• _Your assignment_: Only one span of the listing below is wanted: the lines from the one with "紅色豪華轎車夜間停放在現代城市廣場。 — 創世紀 壁紙" through the one with "laundry area featuring", reproduced exactly, both ends kept.

• _Data excerpts_:
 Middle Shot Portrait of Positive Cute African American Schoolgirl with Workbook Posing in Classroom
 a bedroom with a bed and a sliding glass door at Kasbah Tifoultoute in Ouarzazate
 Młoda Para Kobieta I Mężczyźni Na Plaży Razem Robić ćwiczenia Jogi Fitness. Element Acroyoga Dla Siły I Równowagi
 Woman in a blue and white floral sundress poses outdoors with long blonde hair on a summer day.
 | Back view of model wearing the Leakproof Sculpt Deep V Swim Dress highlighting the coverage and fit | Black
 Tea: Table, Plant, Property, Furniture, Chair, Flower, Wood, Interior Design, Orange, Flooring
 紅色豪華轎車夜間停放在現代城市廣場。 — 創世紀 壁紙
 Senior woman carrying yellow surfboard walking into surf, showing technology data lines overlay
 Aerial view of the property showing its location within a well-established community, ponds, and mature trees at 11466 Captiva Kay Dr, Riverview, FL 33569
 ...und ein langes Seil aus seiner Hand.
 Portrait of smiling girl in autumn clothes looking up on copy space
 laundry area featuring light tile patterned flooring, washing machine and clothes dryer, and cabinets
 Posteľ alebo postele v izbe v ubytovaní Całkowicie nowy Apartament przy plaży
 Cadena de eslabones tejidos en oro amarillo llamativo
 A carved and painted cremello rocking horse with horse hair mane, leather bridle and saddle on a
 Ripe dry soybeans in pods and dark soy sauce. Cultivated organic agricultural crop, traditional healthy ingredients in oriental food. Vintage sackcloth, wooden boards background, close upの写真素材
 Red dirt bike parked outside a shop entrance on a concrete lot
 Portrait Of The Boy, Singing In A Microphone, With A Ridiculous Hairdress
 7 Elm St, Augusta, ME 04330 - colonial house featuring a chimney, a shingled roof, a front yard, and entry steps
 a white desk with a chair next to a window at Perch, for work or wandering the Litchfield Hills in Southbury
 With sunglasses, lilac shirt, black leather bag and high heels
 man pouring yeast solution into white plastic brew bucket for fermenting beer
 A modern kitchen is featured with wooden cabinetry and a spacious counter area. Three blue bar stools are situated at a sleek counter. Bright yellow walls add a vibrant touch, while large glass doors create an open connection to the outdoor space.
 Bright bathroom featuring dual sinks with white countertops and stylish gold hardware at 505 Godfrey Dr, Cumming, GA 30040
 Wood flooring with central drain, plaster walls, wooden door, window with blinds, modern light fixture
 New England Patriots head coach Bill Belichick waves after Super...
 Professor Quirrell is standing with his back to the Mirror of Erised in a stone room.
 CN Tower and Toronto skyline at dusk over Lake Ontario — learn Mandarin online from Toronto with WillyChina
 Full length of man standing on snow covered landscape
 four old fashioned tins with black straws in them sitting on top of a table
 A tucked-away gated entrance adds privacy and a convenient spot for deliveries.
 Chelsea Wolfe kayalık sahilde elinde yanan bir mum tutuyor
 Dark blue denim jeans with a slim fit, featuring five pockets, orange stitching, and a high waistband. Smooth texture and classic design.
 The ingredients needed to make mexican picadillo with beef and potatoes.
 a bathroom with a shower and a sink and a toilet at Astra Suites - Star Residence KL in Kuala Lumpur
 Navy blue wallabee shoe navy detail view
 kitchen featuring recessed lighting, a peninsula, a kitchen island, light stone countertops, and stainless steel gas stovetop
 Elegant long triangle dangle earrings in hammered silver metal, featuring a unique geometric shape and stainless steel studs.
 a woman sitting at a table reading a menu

• _Finished task_:
 紅色豪華轎車夜間停放在現代城市廣場。 — 創世紀 壁紙
 Senior woman carrying yellow surfboard walking into surf, showing technology data lines overlay
 Aerial view of the property showing its location within a well-established community, ponds, and mature trees at 11466 Captiva Kay Dr, Riverview, FL 33569
 ...und ein langes Seil aus seiner Hand.
 Portrait of smiling girl in autumn clothes looking up on copy space
 laundry area featuring light tile patterned flooring, washing machine and clothes dryer, and cabinets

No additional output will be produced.